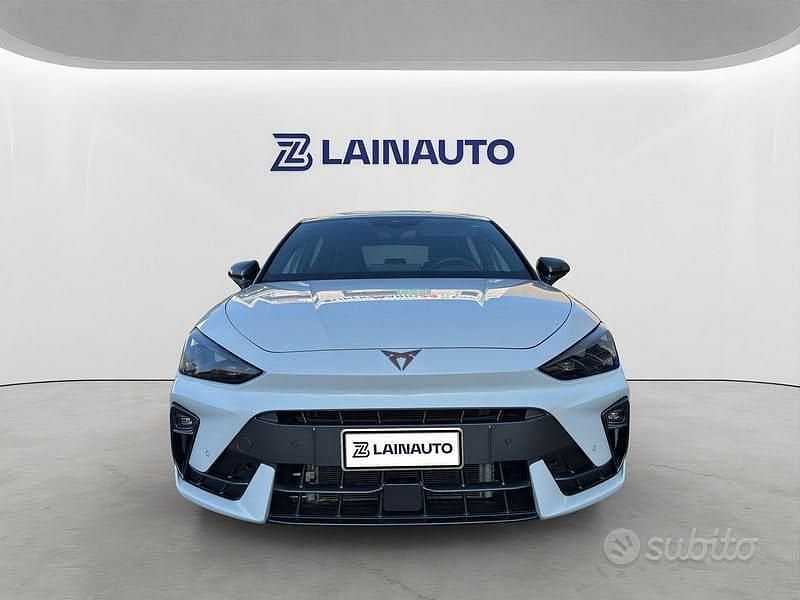Usata Cupra Leon 150 CV (110 kW) 2025 Bianco Berlina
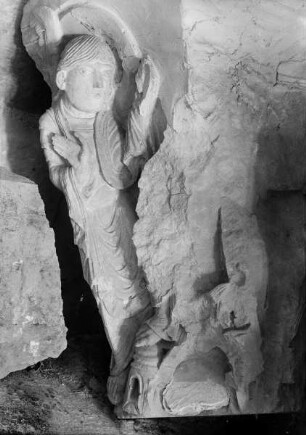Engel mit sitzender Figur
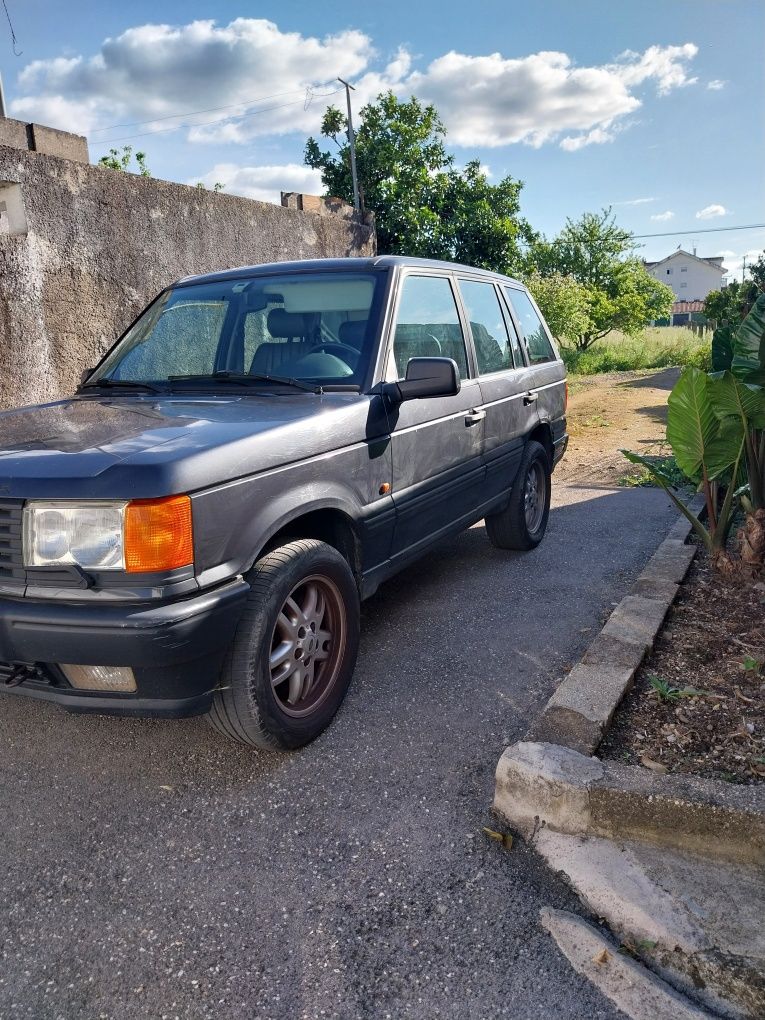 Land Rover - Range Rover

###

- **YOUR INSTRUCTIONS**
The job is to set down the whole listing exactly, excluding any images.

- **RESPONSE TO THE EXERCISE**
Usata Cupra Leon 150 CV (110 kW) 2025 Bianco Berlina
Engel mit sitzender Figur
 Land Rover - Range Rover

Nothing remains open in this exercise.